*** DATA SECTION

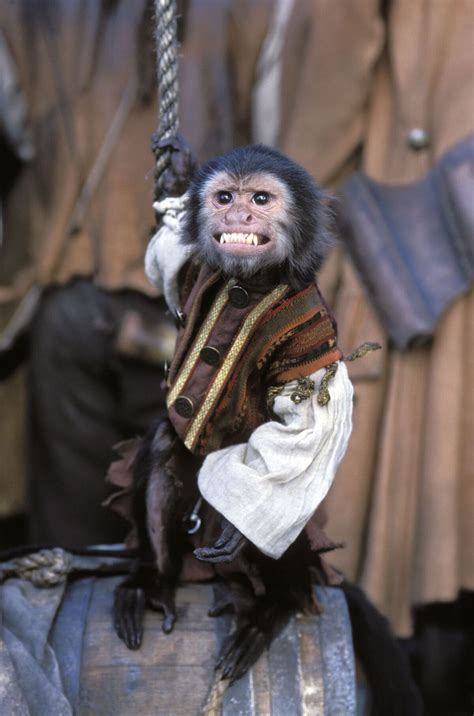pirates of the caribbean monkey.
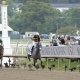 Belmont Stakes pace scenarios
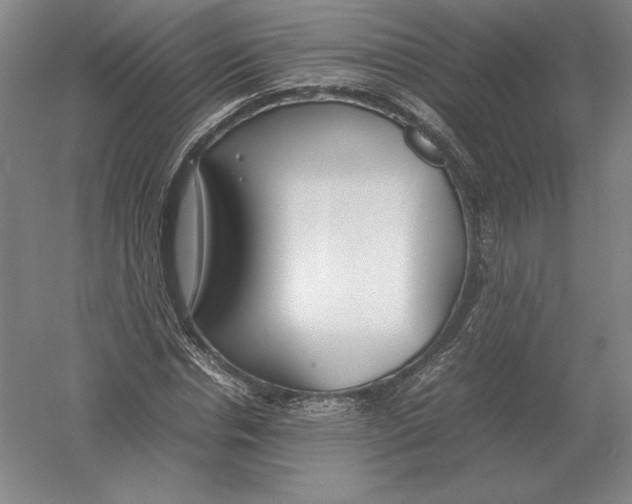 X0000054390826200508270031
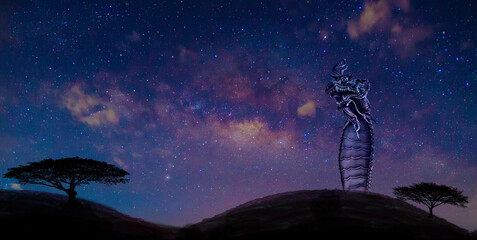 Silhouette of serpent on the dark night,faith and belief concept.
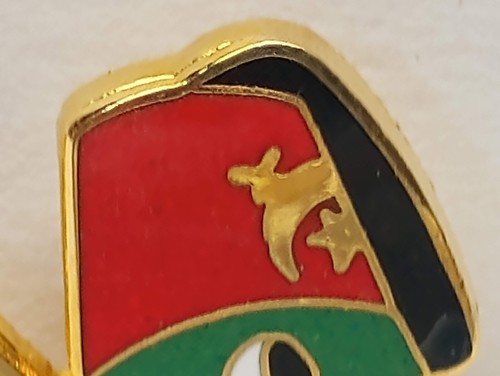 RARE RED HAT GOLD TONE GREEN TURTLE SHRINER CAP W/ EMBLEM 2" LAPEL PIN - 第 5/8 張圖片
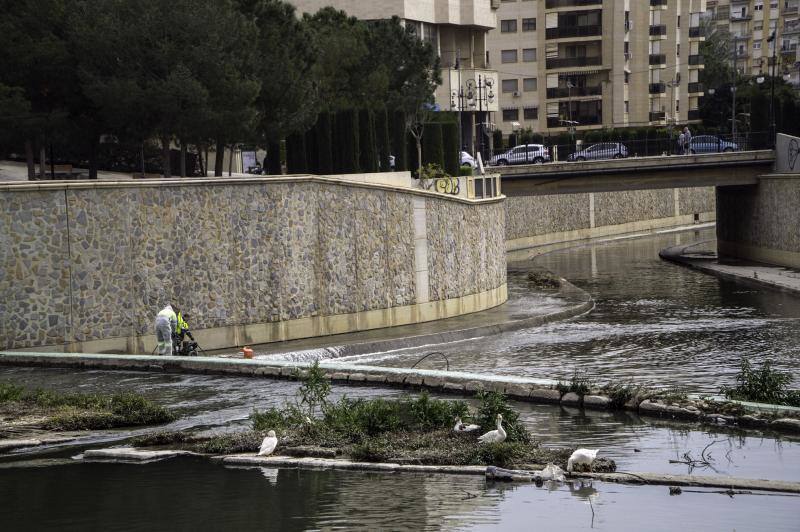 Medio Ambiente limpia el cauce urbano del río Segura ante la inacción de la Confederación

******
*** DATA SECTION

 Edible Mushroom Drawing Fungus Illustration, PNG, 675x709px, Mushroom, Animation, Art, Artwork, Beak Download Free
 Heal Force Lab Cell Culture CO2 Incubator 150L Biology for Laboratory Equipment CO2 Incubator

******

# TRY IT
Output exactly those lines of the data above that run from the line with "pirates of the caribbean monkey." up to and including the line with "Medio Ambiente limpia". No pictures go in.

# ANSWER SPACE
pirates of the caribbean monkey.
 Belmont Stakes pace scenarios
 X0000054390826200508270031
 Silhouette of serpent on the dark night,faith and belief concept.
 RARE RED HAT GOLD TONE GREEN TURTLE SHRINER CAP W/ EMBLEM 2" LAPEL PIN - 第 5/8 張圖片
 Medio Ambiente limpia el cauce urbano del río Segura ante la inacción de la Confederación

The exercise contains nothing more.